JSON to JSX code with Babel

A few days ago, I went through a course with Steve Kinney on building your own language. In the course, we build a basic compiler, which takes an input string (we used a LISP-ish language with a (add 3 4 5) syntax), tokenizes it, parses the tokens into an Abstract Syntax Tree (AST), and then generates code from that tree.

The steps look like:

const input = '(add 3 4)'
const tokens = tokenize(input)
// yields:
[
{type: 'Parenthesis', value: '('},
{type: 'Name', value: 'add'},
{type: 'Number', value: 3},
{type: 'Number', value: 4},
{type: 'Parenthesis', value: ')'}
]
const tree = parse(tokens)
// yields:
{
type: 'CallExpression',
name: 'add',
arguments: [
{ type: 'NumericLiteral', value: 3 },
{ type: 'NumericLiteral', value: 4 },
],
}
const generated = generate(tree)
// yields:
'add(3, 4)'

There are many other steps involved, and we built only a super simple language that can do basic computation and define variables. By no means do I fully "understand" "literally any" of this. But! The course was super informative.
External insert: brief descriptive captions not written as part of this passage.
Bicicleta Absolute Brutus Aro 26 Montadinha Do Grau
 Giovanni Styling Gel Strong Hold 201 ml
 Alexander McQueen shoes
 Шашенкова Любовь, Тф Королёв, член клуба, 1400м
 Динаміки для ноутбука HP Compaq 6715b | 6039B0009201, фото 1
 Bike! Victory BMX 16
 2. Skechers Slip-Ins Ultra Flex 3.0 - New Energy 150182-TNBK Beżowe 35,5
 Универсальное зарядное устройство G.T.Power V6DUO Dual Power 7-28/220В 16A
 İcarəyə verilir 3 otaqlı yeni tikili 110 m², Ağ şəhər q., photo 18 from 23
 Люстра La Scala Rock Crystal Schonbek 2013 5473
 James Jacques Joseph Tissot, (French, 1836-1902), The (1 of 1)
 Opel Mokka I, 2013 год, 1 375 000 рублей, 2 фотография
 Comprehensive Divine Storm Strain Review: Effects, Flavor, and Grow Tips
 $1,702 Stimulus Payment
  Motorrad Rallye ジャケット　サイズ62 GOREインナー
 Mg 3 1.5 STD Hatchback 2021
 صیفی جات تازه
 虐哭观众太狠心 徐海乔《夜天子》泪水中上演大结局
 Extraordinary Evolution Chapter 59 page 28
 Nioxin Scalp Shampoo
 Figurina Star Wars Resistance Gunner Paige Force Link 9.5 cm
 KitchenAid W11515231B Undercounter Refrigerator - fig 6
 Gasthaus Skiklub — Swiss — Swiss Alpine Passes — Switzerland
And it hits the same concepts that Gary Bernhardt covers in his Compiler From Scratch webcast on on Destroy All Software.

The part of building your own language that made me want to write about transforming JSON to JSX was when we got to the code generation step. Steve built the language to conform to what Babel - that tool that I am always relying on to make my JavaScript work - can read and work with.

I'd never really taken the time to peek under the hood on what Babel is doing, so having a Smart Dude show me the basics made it seem a lot less intimidating. At its core, Babel's just compiling JavaScript into JavaScript. It reads in next-generation JavaScript input, tokenizes it, parses those tokens into an abstract syntax tree, and ultimately generates older, safer, more-browsers-compliant JavaScript.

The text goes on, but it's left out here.